(Beginning of DATA EXTRACT)

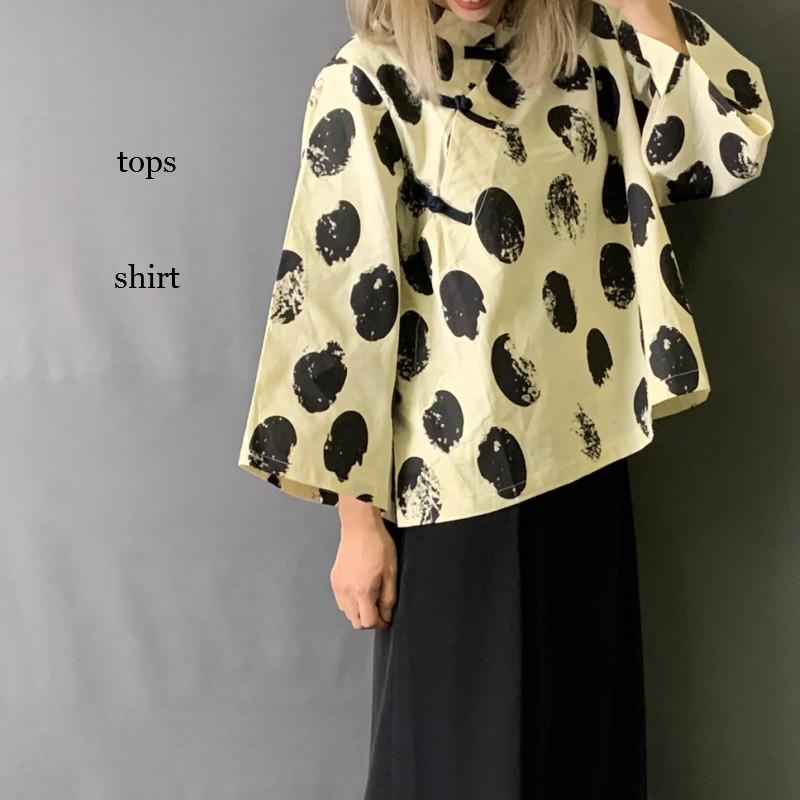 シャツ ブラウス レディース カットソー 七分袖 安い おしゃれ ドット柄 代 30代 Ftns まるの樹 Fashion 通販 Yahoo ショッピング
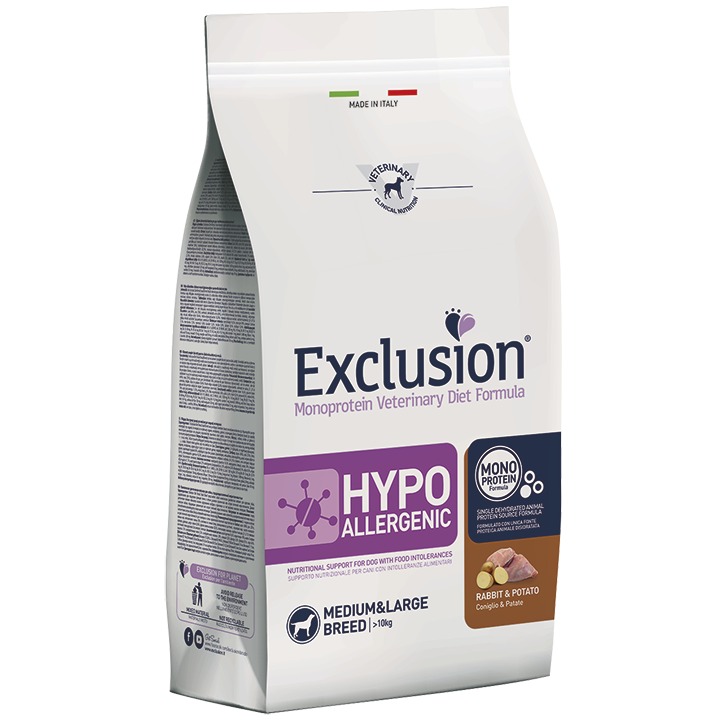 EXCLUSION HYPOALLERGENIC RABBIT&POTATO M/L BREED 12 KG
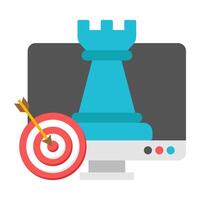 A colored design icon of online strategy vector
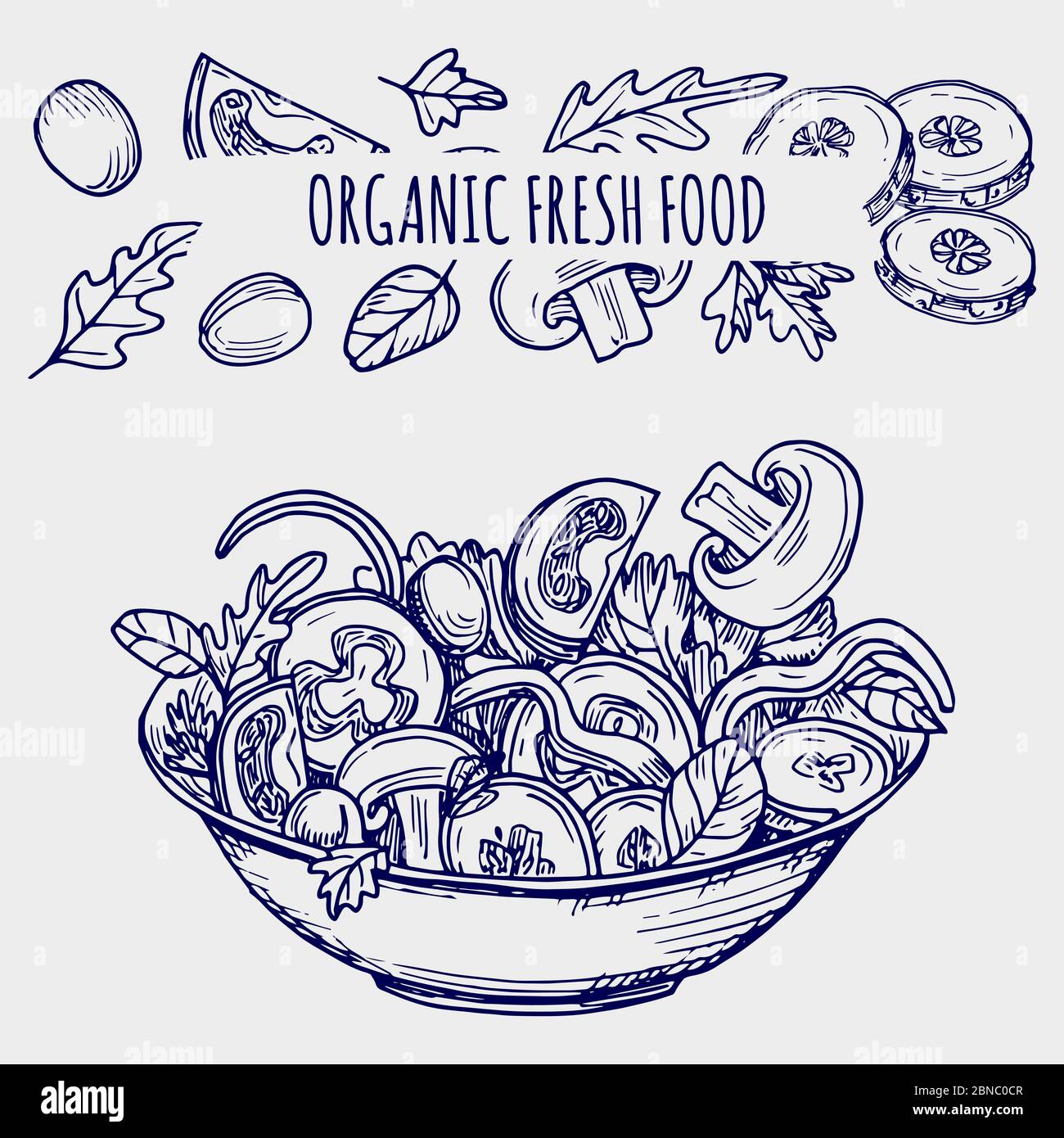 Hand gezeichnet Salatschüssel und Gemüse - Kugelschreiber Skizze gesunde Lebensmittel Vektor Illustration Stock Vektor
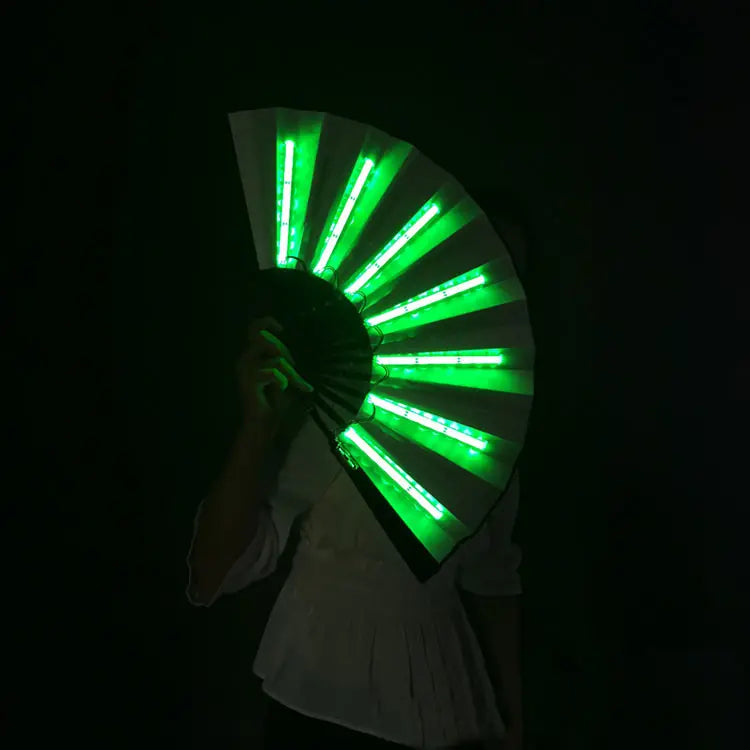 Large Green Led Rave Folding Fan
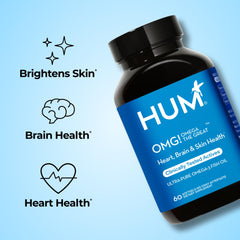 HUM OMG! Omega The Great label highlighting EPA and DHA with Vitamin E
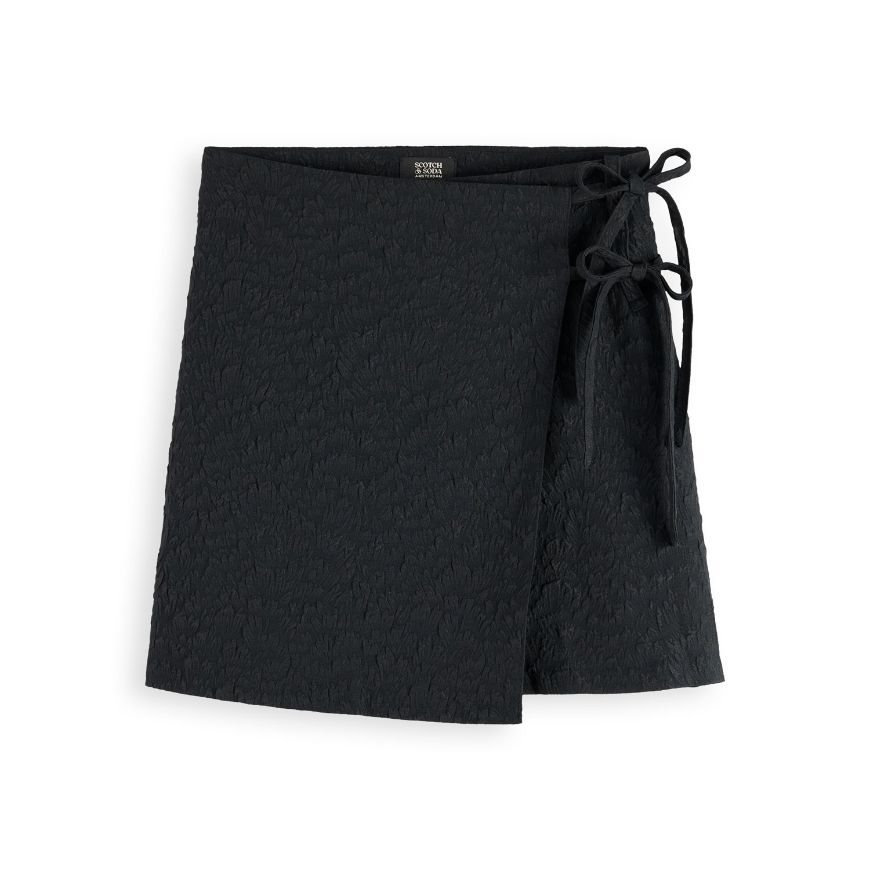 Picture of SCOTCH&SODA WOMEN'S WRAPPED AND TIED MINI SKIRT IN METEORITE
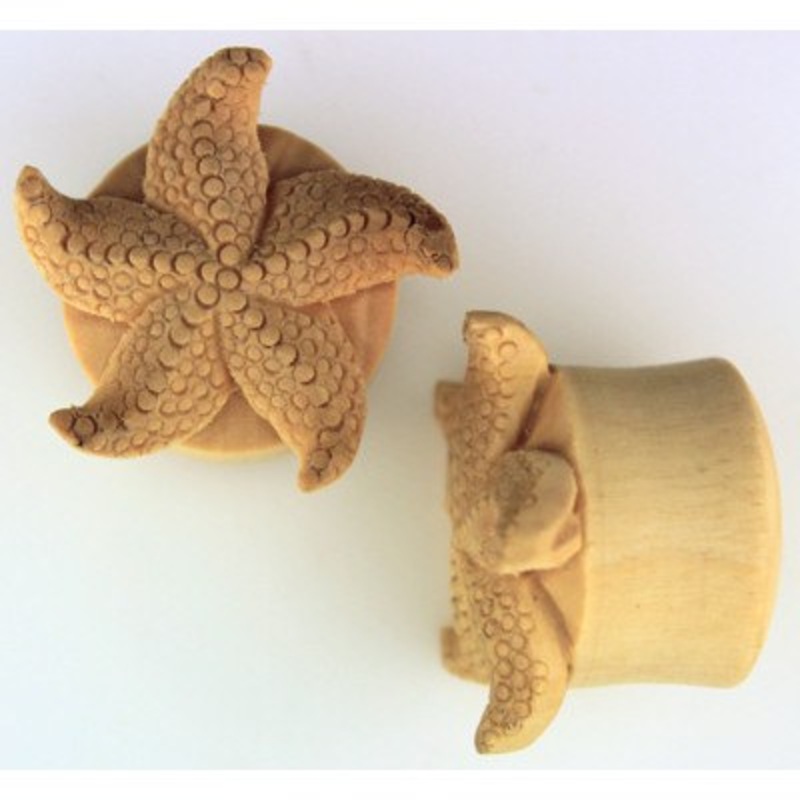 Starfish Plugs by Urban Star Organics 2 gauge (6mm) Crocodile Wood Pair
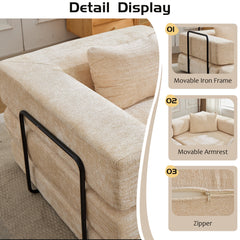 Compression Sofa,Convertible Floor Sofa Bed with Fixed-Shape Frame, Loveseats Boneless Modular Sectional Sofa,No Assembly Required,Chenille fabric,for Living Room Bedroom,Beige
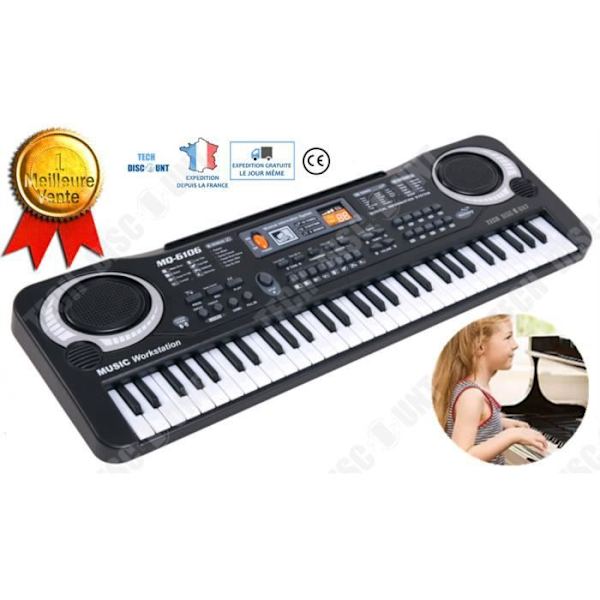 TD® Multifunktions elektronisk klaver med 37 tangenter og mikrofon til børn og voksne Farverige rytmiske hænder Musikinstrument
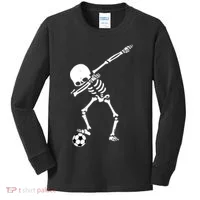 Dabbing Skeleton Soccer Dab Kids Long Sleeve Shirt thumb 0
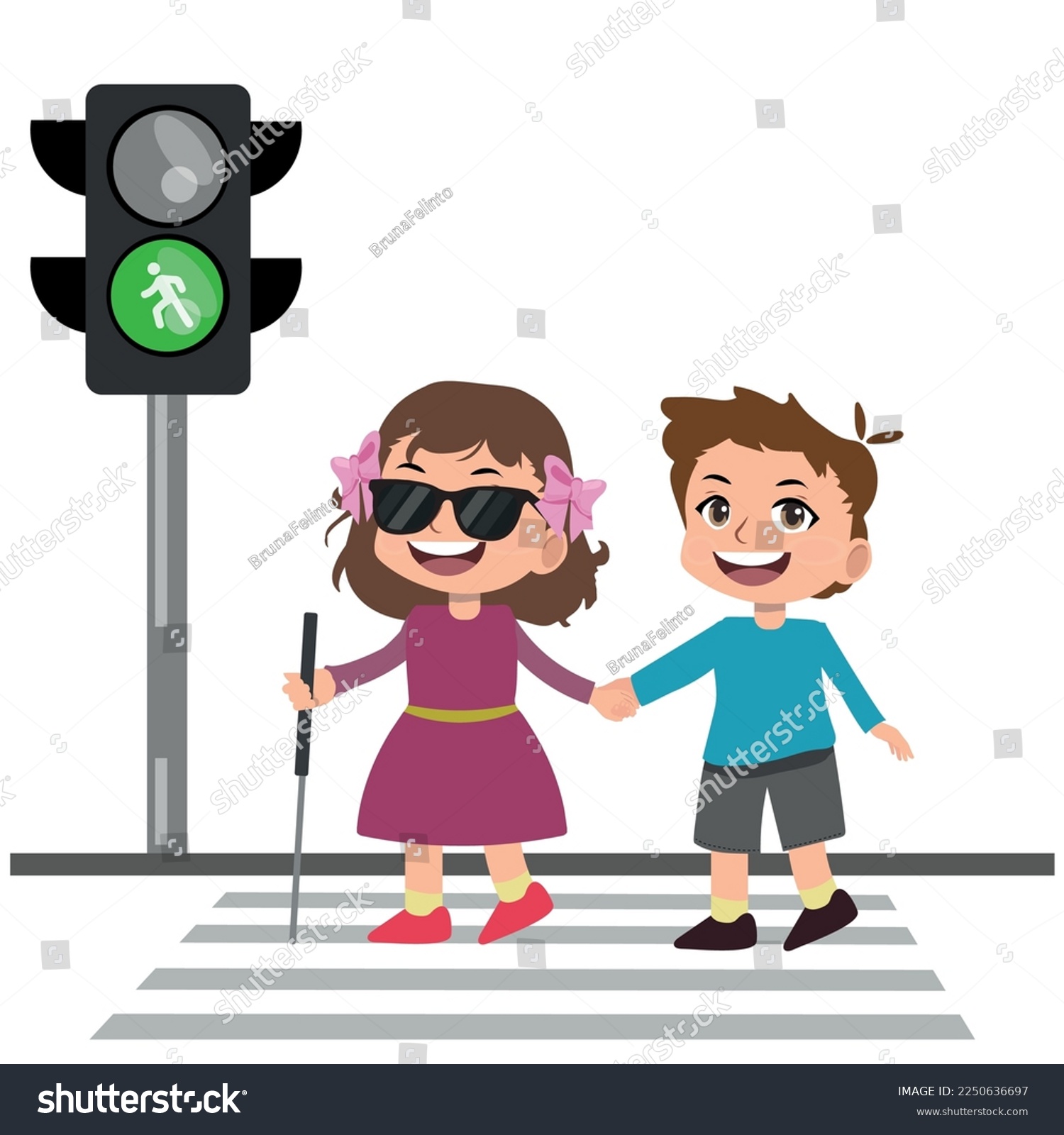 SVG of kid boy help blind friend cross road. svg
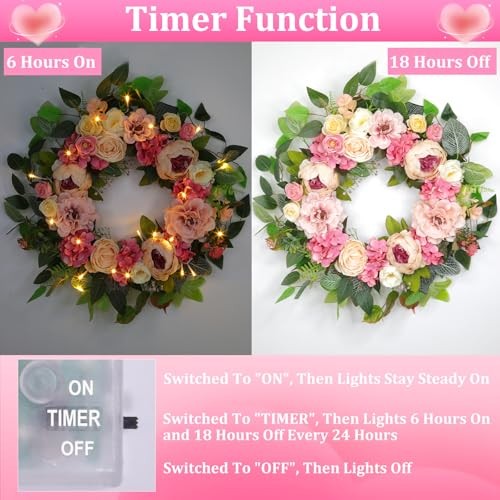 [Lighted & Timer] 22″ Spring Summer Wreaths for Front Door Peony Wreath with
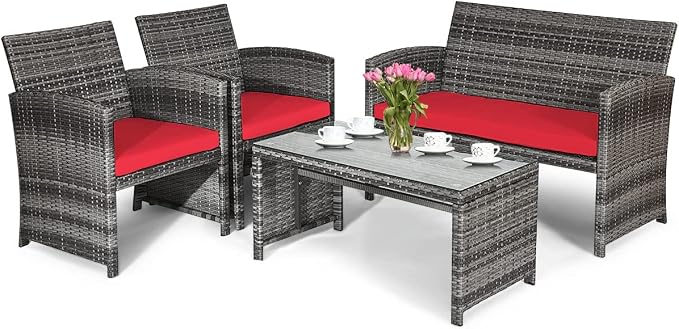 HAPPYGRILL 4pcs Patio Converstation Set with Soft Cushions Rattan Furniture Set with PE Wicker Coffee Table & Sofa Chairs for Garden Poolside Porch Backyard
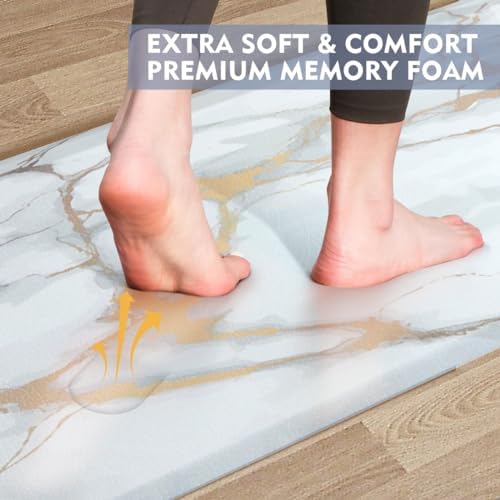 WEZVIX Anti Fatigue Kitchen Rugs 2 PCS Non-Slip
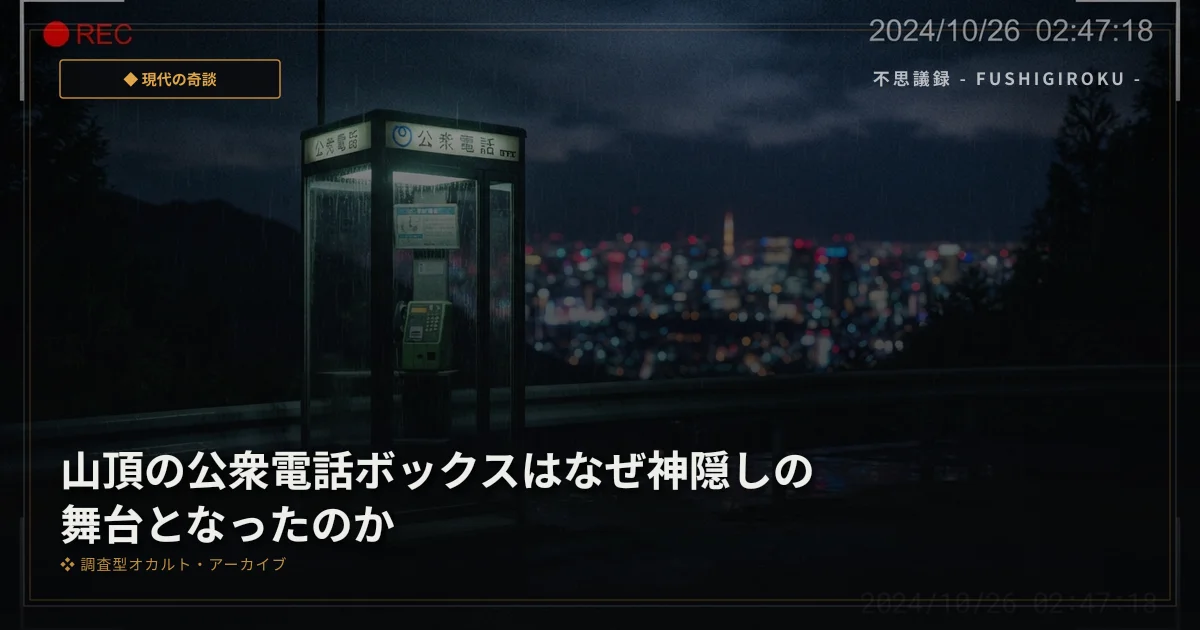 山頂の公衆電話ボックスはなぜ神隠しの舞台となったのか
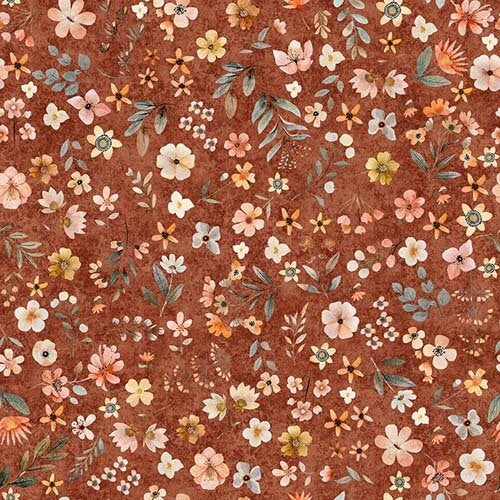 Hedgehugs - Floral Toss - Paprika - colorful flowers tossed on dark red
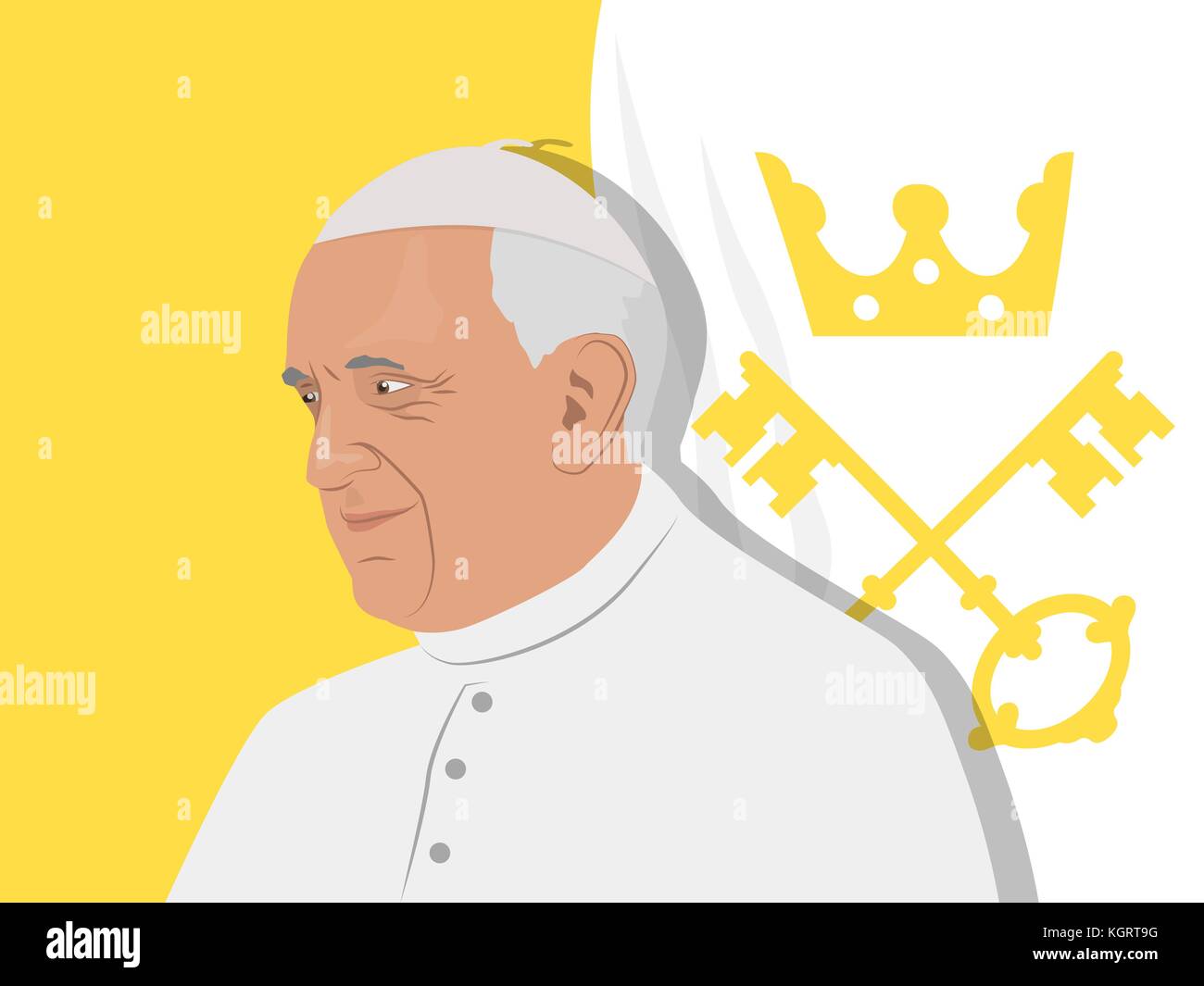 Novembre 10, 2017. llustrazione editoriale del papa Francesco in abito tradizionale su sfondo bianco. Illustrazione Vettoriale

(End of DATA EXTRACT)

▸ YOUR GOAL:
Give the data again exactly as written, with no pictures included.

▸ YOUR SOLUTION:
 シャツ ブラウス レディース カットソー 七分袖 安い おしゃれ ドット柄 代 30代 Ftns まるの樹 Fashion 通販 Yahoo ショッピング
 EXCLUSION HYPOALLERGENIC RABBIT&POTATO M/L BREED 12 KG
 A colored design icon of online strategy vector
 Hand gezeichnet Salatschüssel und Gemüse - Kugelschreiber Skizze gesunde Lebensmittel Vektor Illustration Stock Vektor
 Large Green Led Rave Folding Fan
 HUM OMG! Omega The Great label highlighting EPA and DHA with Vitamin E
 Picture of SCOTCH&SODA WOMEN'S WRAPPED AND TIED MINI SKIRT IN METEORITE
 Starfish Plugs by Urban Star Organics 2 gauge (6mm) Crocodile Wood Pair
 Compression Sofa,Convertible Floor Sofa Bed with Fixed-Shape Frame, Loveseats Boneless Modular Sectional Sofa,No Assembly Required,Chenille fabric,for Living Room Bedroom,Beige
 TD® Multifunktions elektronisk klaver med 37 tangenter og mikrofon til børn og voksne Farverige rytmiske hænder Musikinstrument
 Dabbing Skeleton Soccer Dab Kids Long Sleeve Shirt thumb 0
 SVG of kid boy help blind friend cross road. svg
 [Lighted & Timer] 22″ Spring Summer Wreaths for Front Door Peony Wreath with
 HAPPYGRILL 4pcs Patio Converstation Set with Soft Cushions Rattan Furniture Set with PE Wicker Coffee Table & Sofa Chairs for Garden Poolside Porch Backyard
 WEZVIX Anti Fatigue Kitchen Rugs 2 PCS Non-Slip
 山頂の公衆電話ボックスはなぜ神隠しの舞台となったのか
 Hedgehugs - Floral Toss - Paprika - colorful flowers tossed on dark red
 Novembre 10, 2017. llustrazione editoriale del papa Francesco in abito tradizionale su sfondo bianco. Illustrazione Vettoriale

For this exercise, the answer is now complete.